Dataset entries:
————

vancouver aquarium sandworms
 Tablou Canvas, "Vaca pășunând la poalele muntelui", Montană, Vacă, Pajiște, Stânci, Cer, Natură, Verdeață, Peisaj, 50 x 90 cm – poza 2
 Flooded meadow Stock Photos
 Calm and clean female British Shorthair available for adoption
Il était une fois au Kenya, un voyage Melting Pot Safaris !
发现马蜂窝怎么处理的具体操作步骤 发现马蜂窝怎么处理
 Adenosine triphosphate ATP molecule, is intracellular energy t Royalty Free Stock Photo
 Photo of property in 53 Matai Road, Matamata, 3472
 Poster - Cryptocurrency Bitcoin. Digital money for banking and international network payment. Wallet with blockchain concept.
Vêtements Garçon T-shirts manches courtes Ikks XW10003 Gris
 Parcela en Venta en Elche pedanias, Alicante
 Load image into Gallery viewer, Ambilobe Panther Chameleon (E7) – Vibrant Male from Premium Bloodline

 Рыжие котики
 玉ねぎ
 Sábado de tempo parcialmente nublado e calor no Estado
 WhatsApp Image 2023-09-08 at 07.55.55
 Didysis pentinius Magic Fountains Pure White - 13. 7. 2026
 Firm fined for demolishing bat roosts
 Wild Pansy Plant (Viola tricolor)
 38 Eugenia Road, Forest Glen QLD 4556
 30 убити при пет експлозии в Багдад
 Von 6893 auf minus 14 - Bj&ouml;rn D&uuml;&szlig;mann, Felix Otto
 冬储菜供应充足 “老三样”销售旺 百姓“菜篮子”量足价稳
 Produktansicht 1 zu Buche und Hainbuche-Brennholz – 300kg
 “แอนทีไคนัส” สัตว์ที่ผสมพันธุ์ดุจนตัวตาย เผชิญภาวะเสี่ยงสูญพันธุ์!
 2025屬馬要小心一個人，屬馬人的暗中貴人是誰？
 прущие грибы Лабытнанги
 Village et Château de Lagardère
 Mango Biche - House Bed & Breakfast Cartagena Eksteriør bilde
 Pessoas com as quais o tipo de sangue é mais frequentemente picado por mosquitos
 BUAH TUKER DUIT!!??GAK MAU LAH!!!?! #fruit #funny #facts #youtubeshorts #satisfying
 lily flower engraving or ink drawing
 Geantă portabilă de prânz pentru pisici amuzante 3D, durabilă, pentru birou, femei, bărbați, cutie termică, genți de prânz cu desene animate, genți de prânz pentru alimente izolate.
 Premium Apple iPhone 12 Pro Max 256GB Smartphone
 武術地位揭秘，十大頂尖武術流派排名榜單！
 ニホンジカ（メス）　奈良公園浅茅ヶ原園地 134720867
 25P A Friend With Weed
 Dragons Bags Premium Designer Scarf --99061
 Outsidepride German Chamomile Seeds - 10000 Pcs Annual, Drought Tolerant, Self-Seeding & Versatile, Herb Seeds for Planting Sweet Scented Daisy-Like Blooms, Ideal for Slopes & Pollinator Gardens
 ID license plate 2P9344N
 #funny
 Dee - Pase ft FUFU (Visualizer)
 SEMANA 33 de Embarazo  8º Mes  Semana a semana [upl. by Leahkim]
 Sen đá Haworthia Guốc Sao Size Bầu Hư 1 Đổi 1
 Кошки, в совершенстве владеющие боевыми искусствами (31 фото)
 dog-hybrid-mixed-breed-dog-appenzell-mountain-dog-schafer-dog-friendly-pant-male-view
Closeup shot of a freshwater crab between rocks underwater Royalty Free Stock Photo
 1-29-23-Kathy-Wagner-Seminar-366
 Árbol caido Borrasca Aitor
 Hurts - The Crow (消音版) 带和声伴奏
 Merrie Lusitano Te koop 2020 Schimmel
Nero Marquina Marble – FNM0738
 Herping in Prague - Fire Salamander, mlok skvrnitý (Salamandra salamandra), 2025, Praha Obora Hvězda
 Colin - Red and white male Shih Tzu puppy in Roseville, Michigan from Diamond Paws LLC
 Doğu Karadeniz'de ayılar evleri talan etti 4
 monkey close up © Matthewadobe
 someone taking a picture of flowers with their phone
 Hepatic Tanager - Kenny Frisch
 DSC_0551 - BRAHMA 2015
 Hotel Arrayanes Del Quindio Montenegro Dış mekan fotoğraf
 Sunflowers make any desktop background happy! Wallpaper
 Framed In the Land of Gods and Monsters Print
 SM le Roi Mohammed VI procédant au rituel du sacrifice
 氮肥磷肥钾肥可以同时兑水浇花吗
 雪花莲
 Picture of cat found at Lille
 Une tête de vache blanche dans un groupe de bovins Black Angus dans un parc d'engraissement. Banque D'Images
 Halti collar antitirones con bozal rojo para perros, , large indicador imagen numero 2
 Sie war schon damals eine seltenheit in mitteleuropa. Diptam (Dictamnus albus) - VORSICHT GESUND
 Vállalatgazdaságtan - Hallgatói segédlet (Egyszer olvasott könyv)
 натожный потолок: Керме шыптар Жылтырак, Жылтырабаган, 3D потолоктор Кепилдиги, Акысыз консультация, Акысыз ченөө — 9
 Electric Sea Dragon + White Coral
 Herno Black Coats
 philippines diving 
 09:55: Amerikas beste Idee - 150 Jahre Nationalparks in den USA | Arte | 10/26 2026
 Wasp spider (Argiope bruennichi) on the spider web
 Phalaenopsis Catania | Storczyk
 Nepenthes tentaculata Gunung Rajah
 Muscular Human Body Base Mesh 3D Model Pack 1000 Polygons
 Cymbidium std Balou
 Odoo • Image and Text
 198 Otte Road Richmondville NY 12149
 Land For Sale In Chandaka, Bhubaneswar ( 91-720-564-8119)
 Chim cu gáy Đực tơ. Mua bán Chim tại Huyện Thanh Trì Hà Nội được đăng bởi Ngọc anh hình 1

————

WHAT THE TASK ASKS:
Retype each entry exactly.

EXPECTED OUTPUT:
vancouver aquarium sandworms
 Tablou Canvas, "Vaca pășunând la poalele muntelui", Montană, Vacă, Pajiște, Stânci, Cer, Natură, Verdeață, Peisaj, 50 x 90 cm – poza 2
 Flooded meadow Stock Photos
 Calm and clean female British Shorthair available for adoption
Il était une fois au Kenya, un voyage Melting Pot Safaris !
发现马蜂窝怎么处理的具体操作步骤 发现马蜂窝怎么处理
 Adenosine triphosphate ATP molecule, is intracellular energy t Royalty Free Stock Photo
 Photo of property in 53 Matai Road, Matamata, 3472
 Poster - Cryptocurrency Bitcoin. Digital money for banking and international network payment. Wallet with blockchain concept.
Vêtements Garçon T-shirts manches courtes Ikks XW10003 Gris
 Parcela en Venta en Elche pedanias, Alicante
 Load image into Gallery viewer, Ambilobe Panther Chameleon (E7) – Vibrant Male from Premium Bloodline

 Рыжие котики
 玉ねぎ
 Sábado de tempo parcialmente nublado e calor no Estado
 WhatsApp Image 2023-09-08 at 07.55.55
 Didysis pentinius Magic Fountains Pure White - 13. 7. 2026
 Firm fined for demolishing bat roosts
 Wild Pansy Plant (Viola tricolor)
 38 Eugenia Road, Forest Glen QLD 4556
 30 убити при пет експлозии в Багдад
 Von 6893 auf minus 14 - Bj&ouml;rn D&uuml;&szlig;mann, Felix Otto
 冬储菜供应充足 “老三样”销售旺 百姓“菜篮子”量足价稳
 Produktansicht 1 zu Buche und Hainbuche-Brennholz – 300kg
 “แอนทีไคนัส” สัตว์ที่ผสมพันธุ์ดุจนตัวตาย เผชิญภาวะเสี่ยงสูญพันธุ์!
 2025屬馬要小心一個人，屬馬人的暗中貴人是誰？
 прущие грибы Лабытнанги
 Village et Château de Lagardère
 Mango Biche - House Bed & Breakfast Cartagena Eksteriør bilde
 Pessoas com as quais o tipo de sangue é mais frequentemente picado por mosquitos
 BUAH TUKER DUIT!!??GAK MAU LAH!!!?! #fruit #funny #facts #youtubeshorts #satisfying
 lily flower engraving or ink drawing
 Geantă portabilă de prânz pentru pisici amuzante 3D, durabilă, pentru birou, femei, bărbați, cutie termică, genți de prânz cu desene animate, genți de prânz pentru alimente izolate.
 Premium Apple iPhone 12 Pro Max 256GB Smartphone
 武術地位揭秘，十大頂尖武術流派排名榜單！
 ニホンジカ（メス）　奈良公園浅茅ヶ原園地 134720867
 25P A Friend With Weed
 Dragons Bags Premium Designer Scarf --99061
 Outsidepride German Chamomile Seeds - 10000 Pcs Annual, Drought Tolerant, Self-Seeding & Versatile, Herb Seeds for Planting Sweet Scented Daisy-Like Blooms, Ideal for Slopes & Pollinator Gardens
 ID license plate 2P9344N
 #funny
 Dee - Pase ft FUFU (Visualizer)
 SEMANA 33 de Embarazo  8º Mes  Semana a semana [upl. by Leahkim]
 Sen đá Haworthia Guốc Sao Size Bầu Hư 1 Đổi 1
 Кошки, в совершенстве владеющие боевыми искусствами (31 фото)
 dog-hybrid-mixed-breed-dog-appenzell-mountain-dog-schafer-dog-friendly-pant-male-view
Closeup shot of a freshwater crab between rocks underwater Royalty Free Stock Photo
 1-29-23-Kathy-Wagner-Seminar-366
 Árbol caido Borrasca Aitor
 Hurts - The Crow (消音版) 带和声伴奏
 Merrie Lusitano Te koop 2020 Schimmel
Nero Marquina Marble – FNM0738
 Herping in Prague - Fire Salamander, mlok skvrnitý (Salamandra salamandra), 2025, Praha Obora Hvězda
 Colin - Red and white male Shih Tzu puppy in Roseville, Michigan from Diamond Paws LLC
 Doğu Karadeniz'de ayılar evleri talan etti 4
 monkey close up © Matthewadobe
 someone taking a picture of flowers with their phone
 Hepatic Tanager - Kenny Frisch
 DSC_0551 - BRAHMA 2015
 Hotel Arrayanes Del Quindio Montenegro Dış mekan fotoğraf
 Sunflowers make any desktop background happy! Wallpaper
 Framed In the Land of Gods and Monsters Print
 SM le Roi Mohammed VI procédant au rituel du sacrifice
 氮肥磷肥钾肥可以同时兑水浇花吗
 雪花莲
 Picture of cat found at Lille
 Une tête de vache blanche dans un groupe de bovins Black Angus dans un parc d'engraissement. Banque D'Images
 Halti collar antitirones con bozal rojo para perros, , large indicador imagen numero 2
 Sie war schon damals eine seltenheit in mitteleuropa. Diptam (Dictamnus albus) - VORSICHT GESUND
 Vállalatgazdaságtan - Hallgatói segédlet (Egyszer olvasott könyv)
 натожный потолок: Керме шыптар Жылтырак, Жылтырабаган, 3D потолоктор Кепилдиги, Акысыз консультация, Акысыз ченөө — 9
 Electric Sea Dragon + White Coral
 Herno Black Coats
 philippines diving 
 09:55: Amerikas beste Idee - 150 Jahre Nationalparks in den USA | Arte | 10/26 2026
 Wasp spider (Argiope bruennichi) on the spider web
 Phalaenopsis Catania | Storczyk
 Nepenthes tentaculata Gunung Rajah
 Muscular Human Body Base Mesh 3D Model Pack 1000 Polygons
 Cymbidium std Balou
 Odoo • Image and Text
 198 Otte Road Richmondville NY 12149
 Land For Sale In Chandaka, Bhubaneswar ( 91-720-564-8119)
 Chim cu gáy Đực tơ. Mua bán Chim tại Huyện Thanh Trì Hà Nội được đăng bởi Ngọc anh hình 1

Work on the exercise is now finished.